Burrows’s review published on Letterboxd:
Taika Waititi's work has always won me over. Not to say his films are without blemish or inconsistencies here and there, but his humour alone makes him a fresh cinematic voice. He does not need comedians or comedic actors to deliver his laughs; his humor writing avoids common traps such as potty humor, insult humor, sex humor just for the sake of their own taboos. His hilarity, when it works, comes from a complete detail-oriented commitment to the joke and the full deadpan belief in the funny or bizarreness of the situation. And amid his comic tone, whatever his narrative is--vampire doc, orphan drama, super hero saga--he gets the job of the store done slickly.
But JOJO RABBIT may be his greatest triumph. His tone and deadpan zaniness prevents JOJO from truly being either a war film or a comedy, so it certainly fits the Waititi comedy-cross-genre niche--one of those films that naturally boggles the classification scheme at Golden Globes. However, this one goes far deeper than his previous films into the realm of human connection. Waititi effectively covers the horror of war themes and the World War II backdrop. The narrative covers these vibrantly, delivering the horrors of war and the hate of the Nazi regime. We've seen that stuff before, but not that I can recall through the eyes of a 10-year-old Hitler fanboy. JOJO RABBIT commandingly explores the impact that media and propoganda (and cult of personality for that matter) can have on a generation--particularly its youth. The 'monster' that is 'propoganda and promotion' becomes the 'monster' embedded in people's superego. The film's achievement is the stunning slow chiseling away of ideals and bad values by fact and by witnessed events. In doing so, Jojo slowly disconnect the admiration and fandom from loyalty and love. It's really a sweet film in this regard.
Despite the brilliantly written supporting characters (Scarlet Johansson, Sam Rockwell, Alfie Allen, and Stephen Merchant), the film would fall apart without the naturalism of Roman Griffin Davis. This kid in the lead role embodies childhood chasteness and wonder, and for the audience he serves as a gateway that allows people to empathize with youth. Waititi undestands this well seeming to be a big child himself, but his direction of Davis allows the 10-year-old to embody this spirit of childhood. There isn't a whiff of amateurishness or any precociousness in the Jojo performance, which can often come with huge child roles such as this one. Davis plays Jojo joyously free and inhibitionless. He's a marvel. He captures all the fancifulness of childhood creativity and imaginative play--albeit with Hitler himself an imaginary friend. Jojo's exposure to the Nazi propoganda and messaging of the day has led him to a path of blind devotion and fanaticism to the Third Reich, which makes total sense from his perspective, as crazy as it appears to us watching.
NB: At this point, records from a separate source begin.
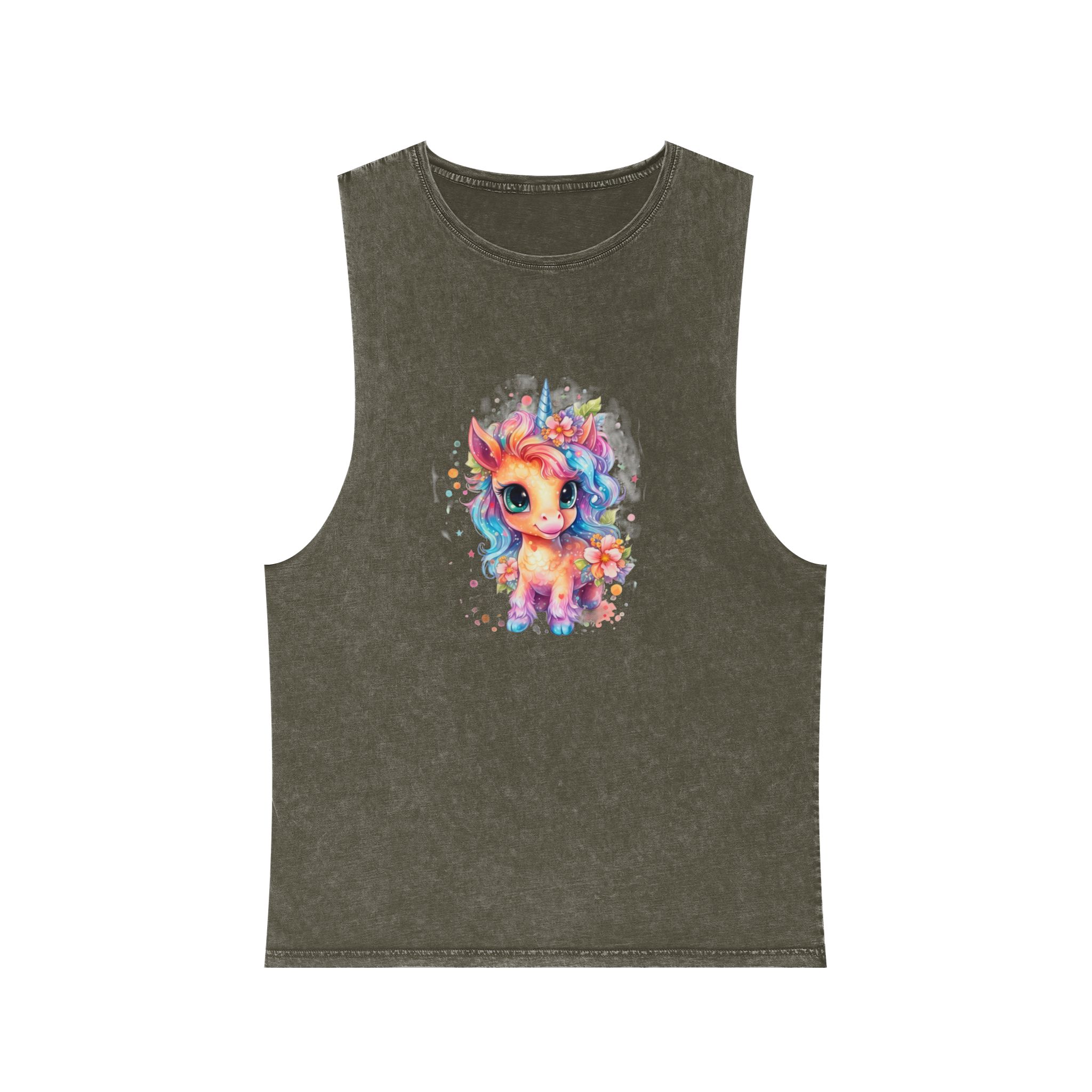 Cute Colorful Magic Unicorn With Flowers Watercolor Style (1) Copia Unisex Stonewash Tank Top - Image 5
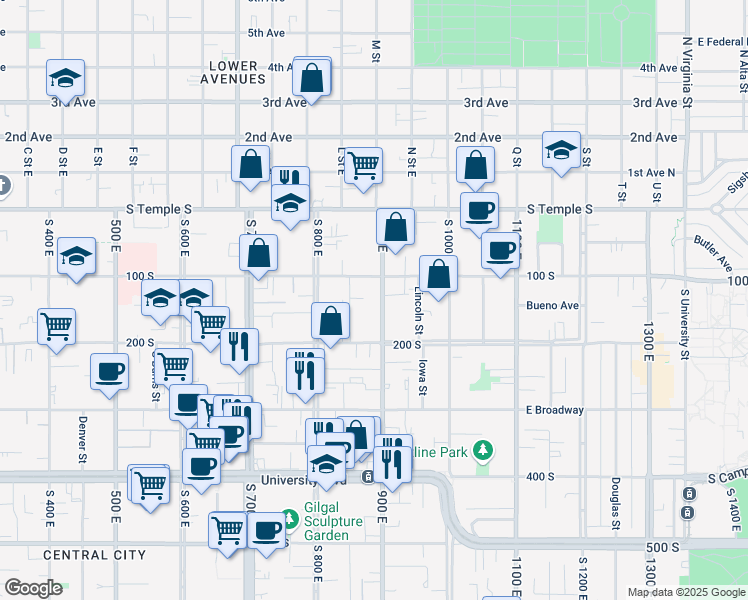 map of restaurants, bars, coffee shops, grocery stores, and more near 100 900 East in Salt Lake City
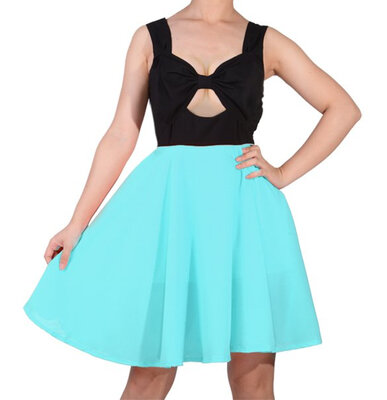 

New Hollow Bow Party Bust Shoulder Strap Sleeveless Dress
JOJO RABBIT hits phenomenal emotional beats as preadolescence confronts maturity, as disinformation confronts truth, and as imagination confronts the processing of reality. Waititi has an offbeat way to deliver his own messaing, but he walks the tightrope between too serious and too silly just about perfectly. I would suggest the emotion of the final invasion's war scene is sacrificed slightly by some of Waititi's visual gags happening in the background. But this is the only misfire in the film's dynamic tone that comes to mind. Waititi even has control over the use of Rebel Wilson, whose traditional comic notes are boisterous, obnoxious slapstick. Here she's sedated somewhat and is a good fit for what's asked of her. JOJO RABBIT is too spry and visually uninterested in being a war film to be an actual war film. It's a character piece all the way, and Waititi's script beautifully fleshes out the character work before the cast came in to add an even further layer to the movie's sophistication, depth, and heart.